In the entries that follow, the lines from the line containing "Surviving a Snowstorm: Essential" up to and including the line containing "2021 Shimano Scorpion" must be copied exactly, with pictures omitted.

Material for this task ▸
Start of Block
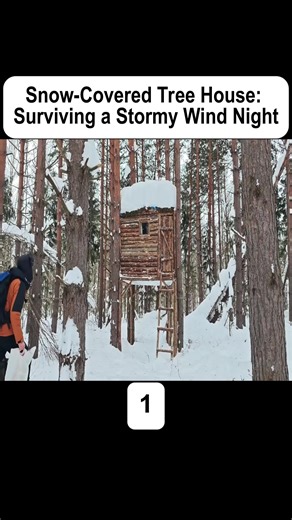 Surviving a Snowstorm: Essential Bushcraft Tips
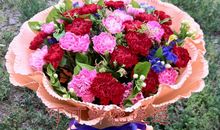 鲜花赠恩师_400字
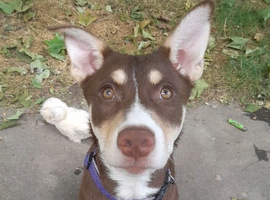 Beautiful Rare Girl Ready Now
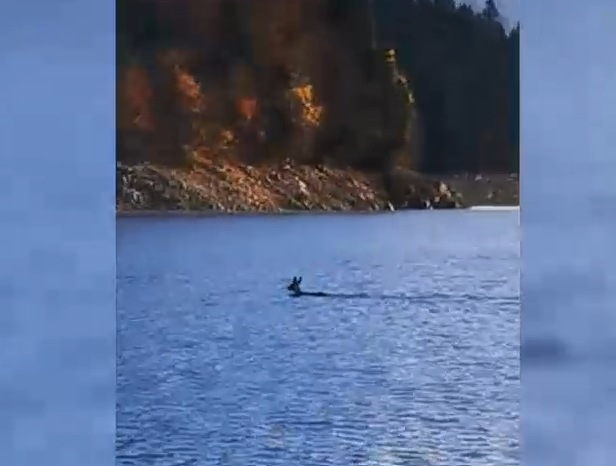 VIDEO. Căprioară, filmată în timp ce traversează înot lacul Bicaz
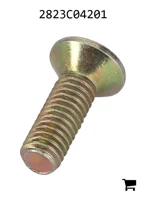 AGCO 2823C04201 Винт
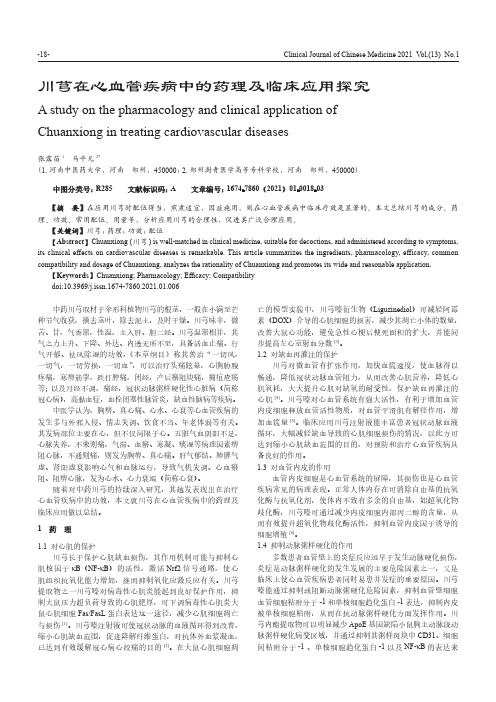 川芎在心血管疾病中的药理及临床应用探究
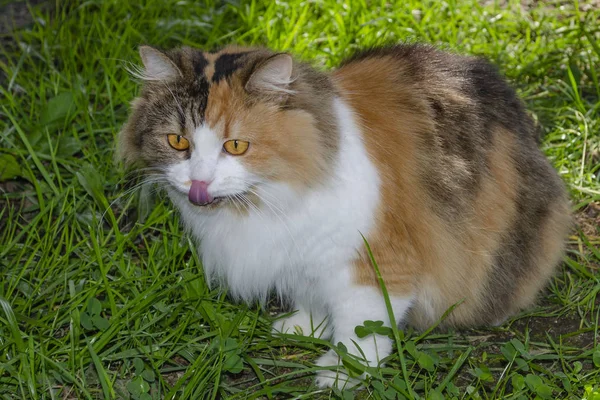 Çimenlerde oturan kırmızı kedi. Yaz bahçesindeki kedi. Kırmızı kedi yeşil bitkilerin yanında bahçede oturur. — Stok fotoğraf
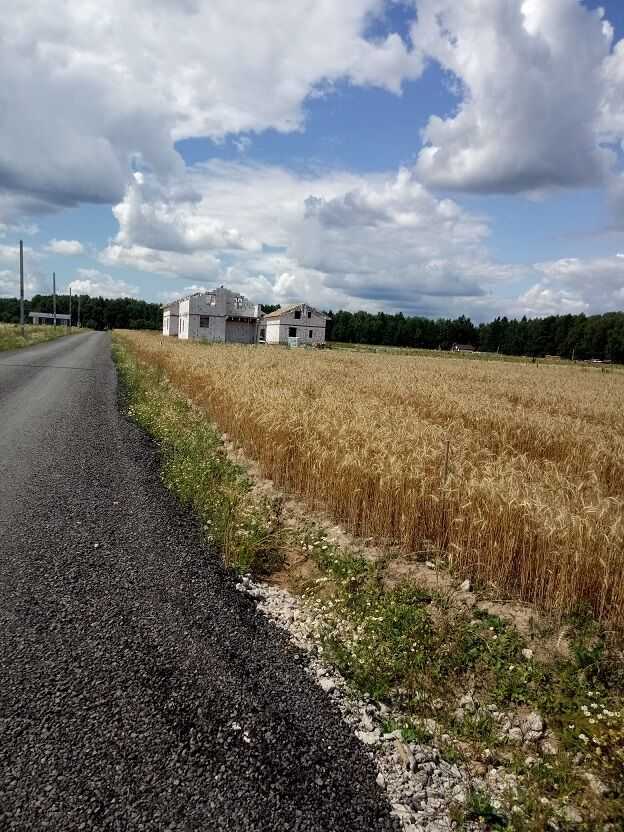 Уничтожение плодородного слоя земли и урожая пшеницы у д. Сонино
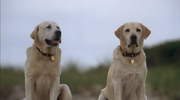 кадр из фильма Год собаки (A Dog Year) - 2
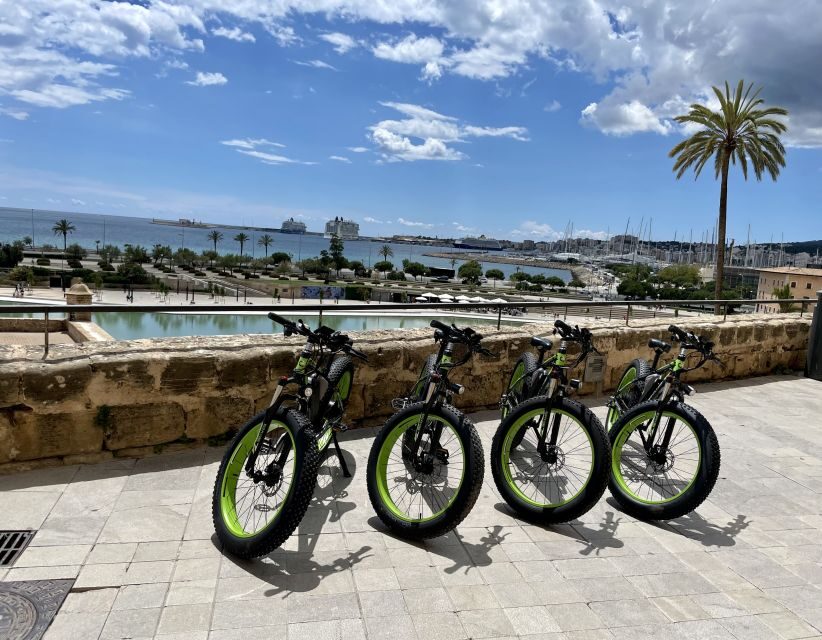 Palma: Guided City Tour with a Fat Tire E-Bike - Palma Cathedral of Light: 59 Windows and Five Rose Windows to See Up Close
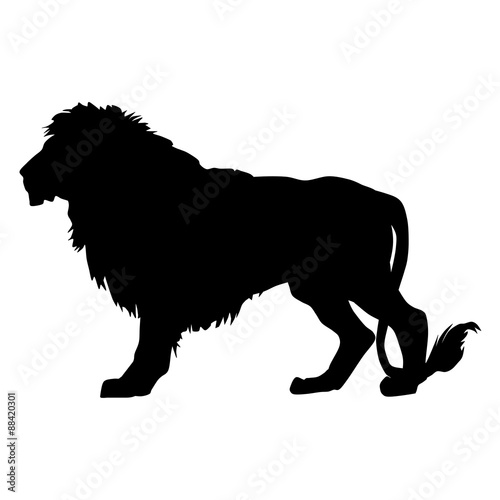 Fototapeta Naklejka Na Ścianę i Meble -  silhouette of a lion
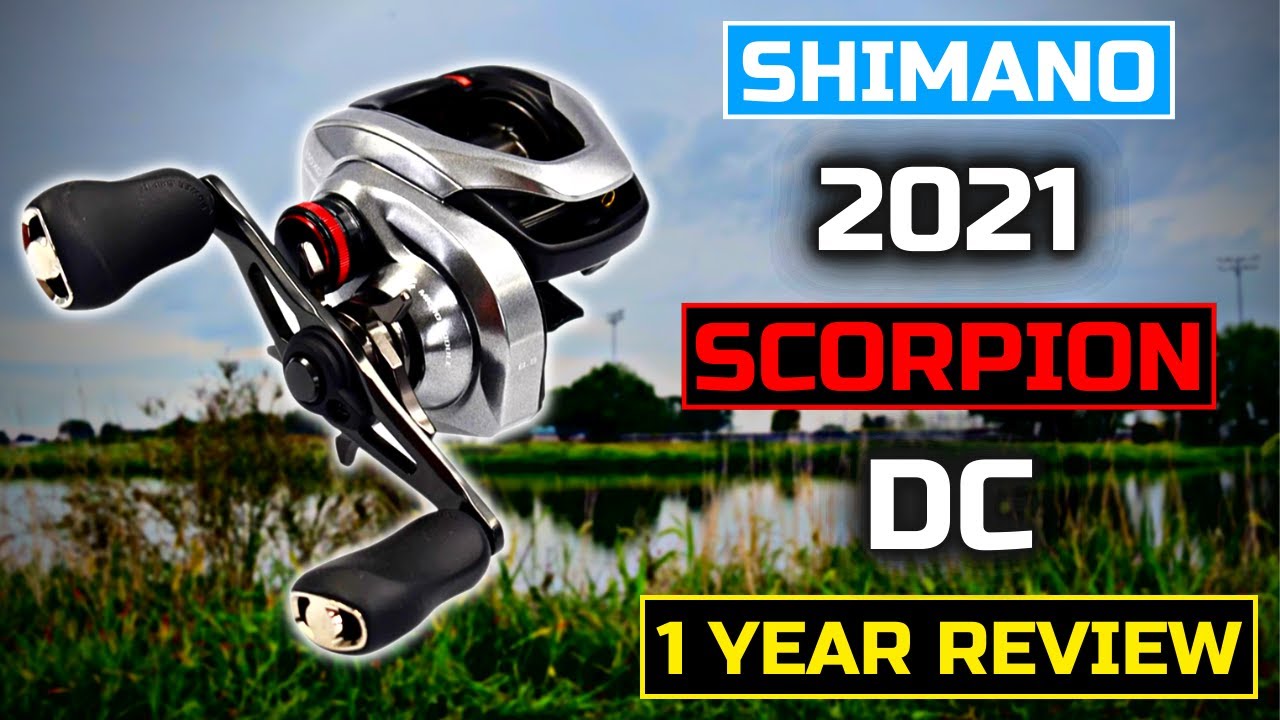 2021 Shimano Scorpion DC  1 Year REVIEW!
End of Block
Start of Block
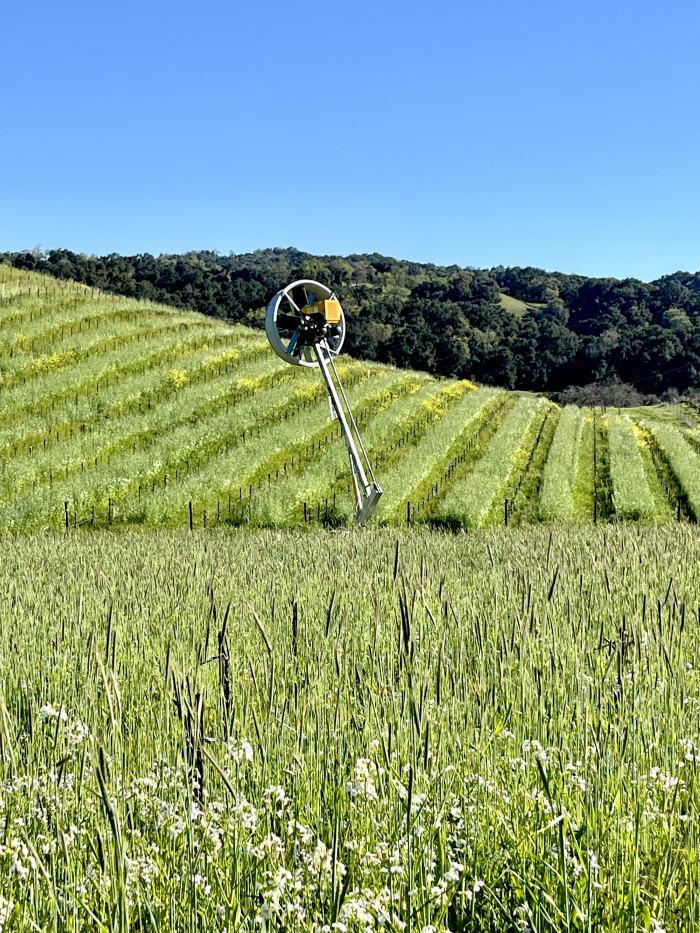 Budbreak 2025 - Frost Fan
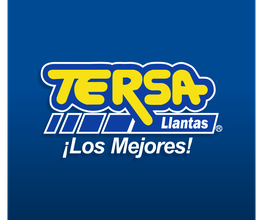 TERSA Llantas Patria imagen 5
End of Block
Written answer ▸
 Surviving a Snowstorm: Essential Bushcraft Tips
 鲜花赠恩师_400字
 Beautiful Rare Girl Ready Now
 VIDEO. Căprioară, filmată în timp ce traversează înot lacul Bicaz
 AGCO 2823C04201 Винт
 川芎在心血管疾病中的药理及临床应用探究
 Çimenlerde oturan kırmızı kedi. Yaz bahçesindeki kedi. Kırmızı kedi yeşil bitkilerin yanında bahçede oturur. — Stok fotoğraf
 Уничтожение плодородного слоя земли и урожая пшеницы у д. Сонино
 кадр из фильма Год собаки (A Dog Year) - 2
 Palma: Guided City Tour with a Fat Tire E-Bike - Palma Cathedral of Light: 59 Windows and Five Rose Windows to See Up Close
 Fototapeta Naklejka Na Ścianę i Meble -  silhouette of a lion
 2021 Shimano Scorpion DC  1 Year REVIEW!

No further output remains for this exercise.